> **YOUR ASSIGNMENT**
Write out each record in full and exactly as given. Skip any pictures.
┌──
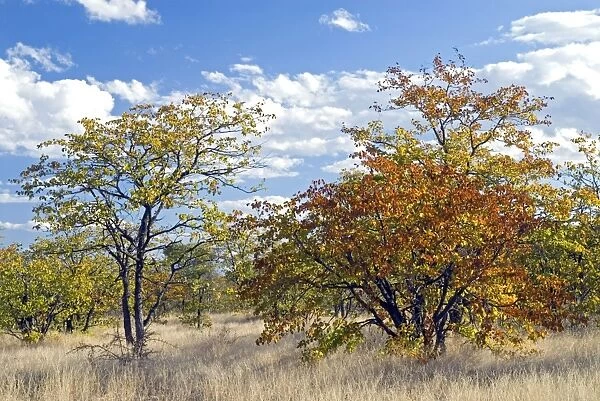 Colours of mopane veld, due mostly to the mopane tree. Letaba, Kruger National Park, South Africa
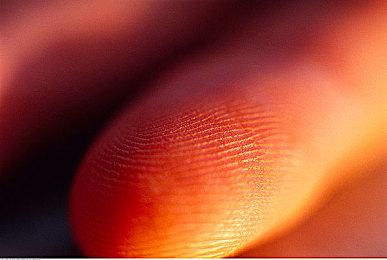 画面升级！《吃豆人：吃遍世界》公布开场动画影片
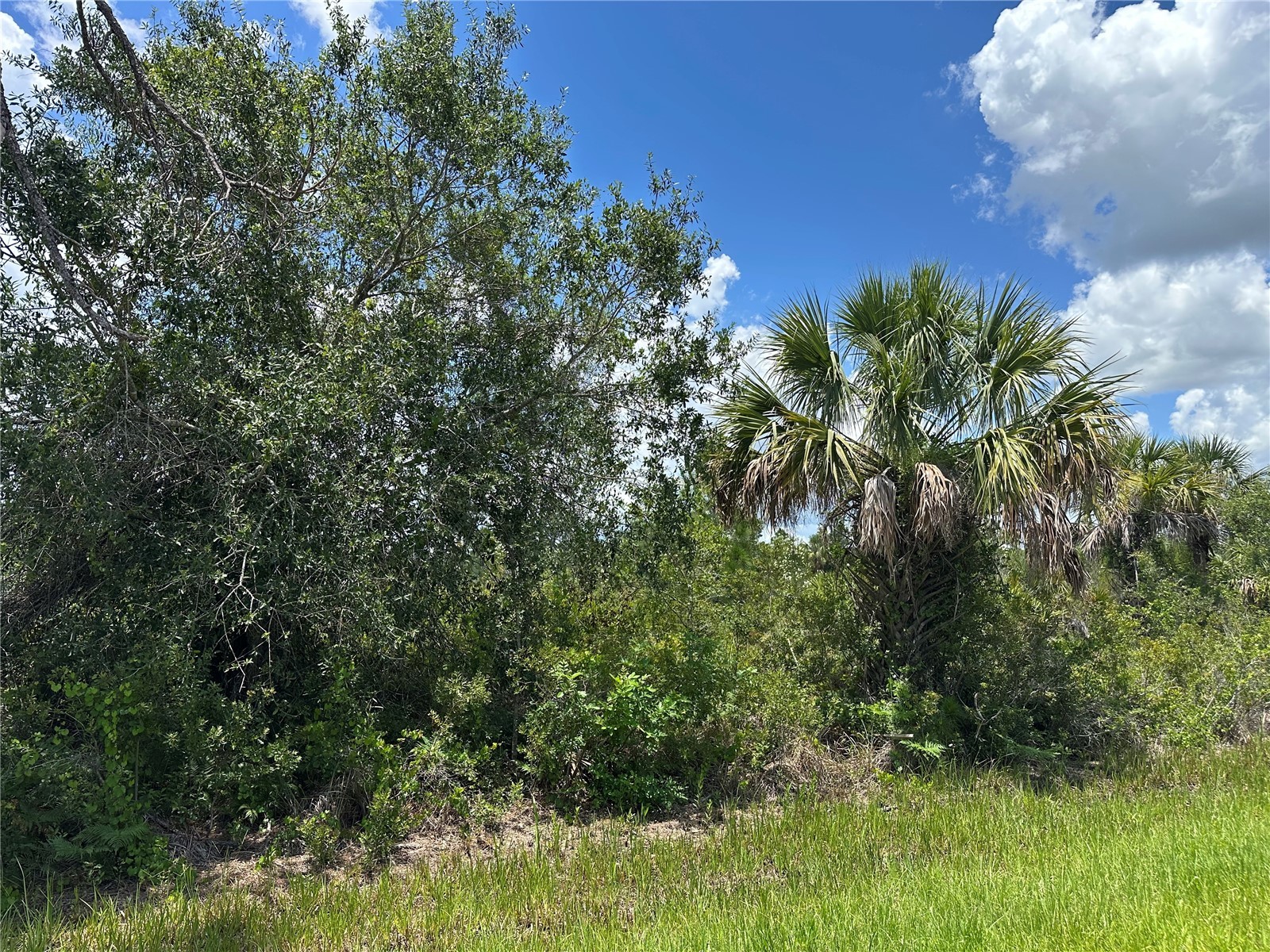 287 Redington Avenue Port Charlotte FL 33953 TB8474183 image13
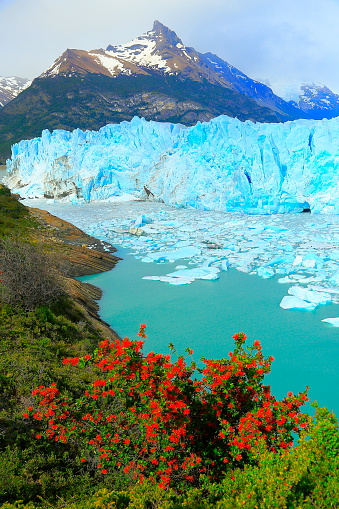 Bright Moreno Glacier, flowers, ice floe, Lake Argentina, Patagonia, Calafate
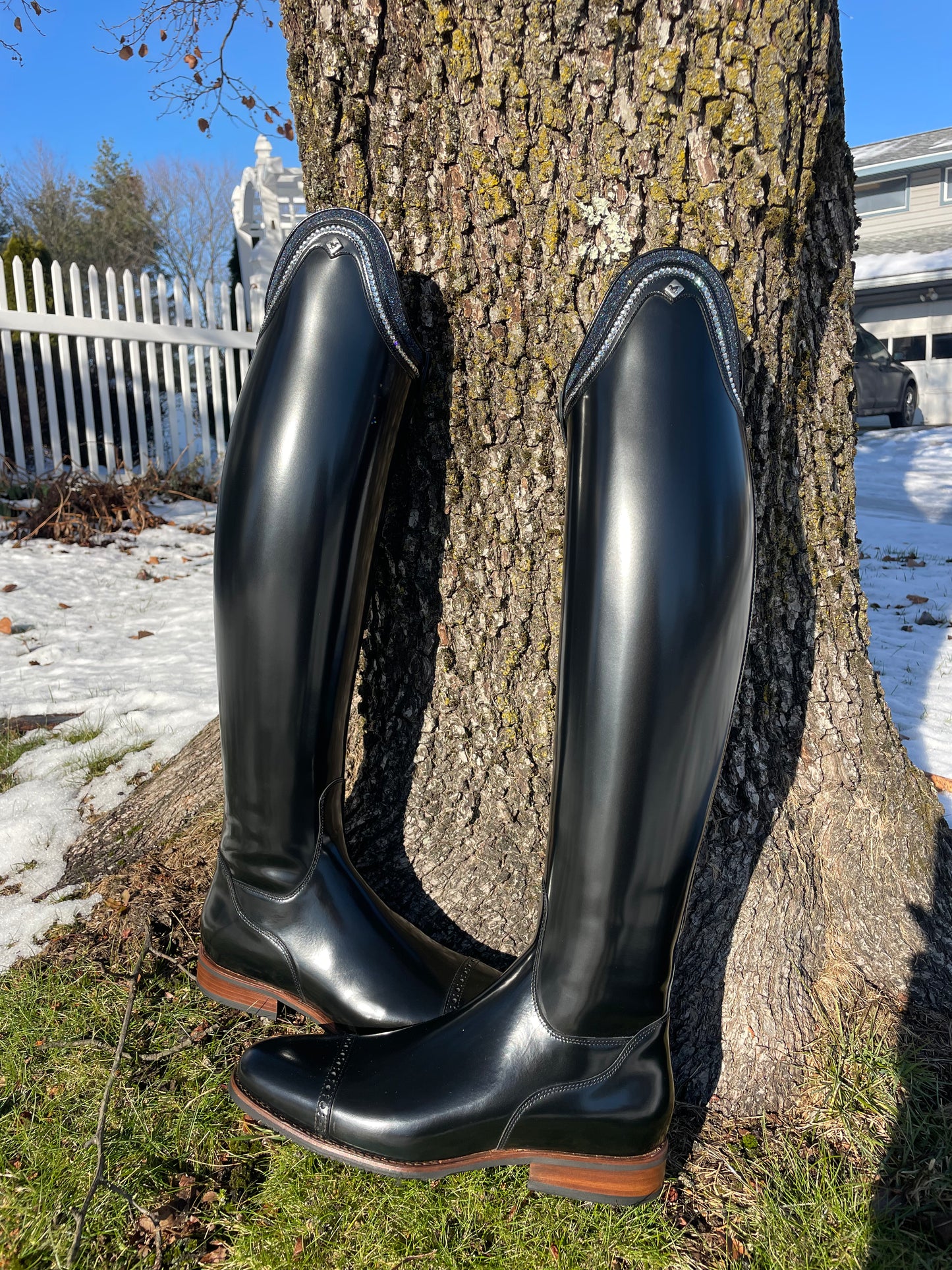 TDR's Ashley P 6.0 (DeNiro Bellini)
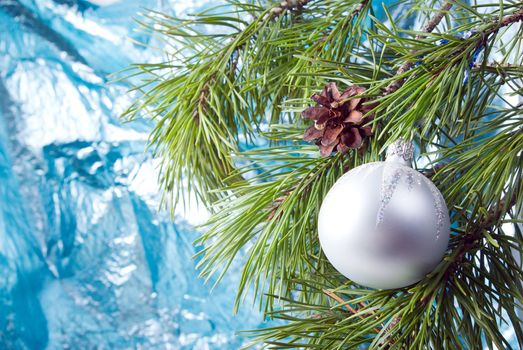 Christmas bauble  on background of the fur branches,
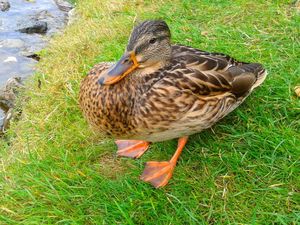 Preview wallpaper poultry, duck, grass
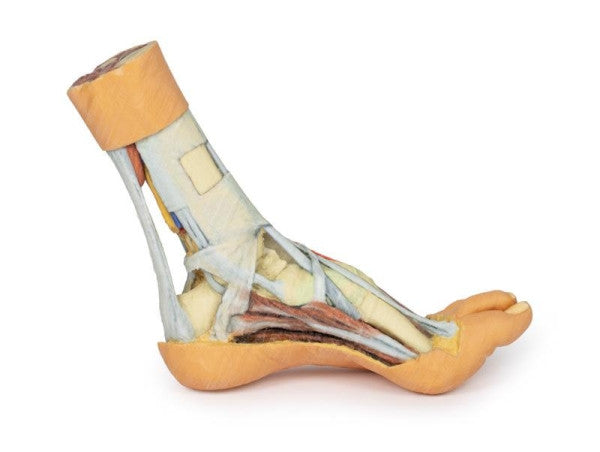 Foot 3D Printed Anatomy Model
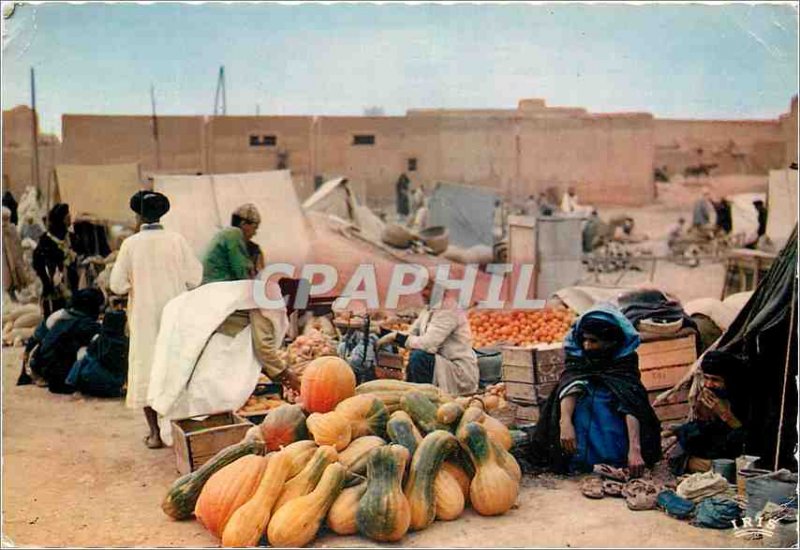 Modern Postcard Scenes et Types Guelmim Souk Day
└──
> **PROBLEM SOLUTION**
 Colours of mopane veld, due mostly to the mopane tree. Letaba, Kruger National Park, South Africa
 画面升级！《吃豆人：吃遍世界》公布开场动画影片
 287 Redington Avenue Port Charlotte FL 33953 TB8474183 image13
 Bright Moreno Glacier, flowers, ice floe, Lake Argentina, Patagonia, Calafate
 TDR's Ashley P 6.0 (DeNiro Bellini)
 Christmas bauble  on background of the fur branches,
 Preview wallpaper poultry, duck, grass
 Foot 3D Printed Anatomy Model
 Modern Postcard Scenes et Types Guelmim Souk Day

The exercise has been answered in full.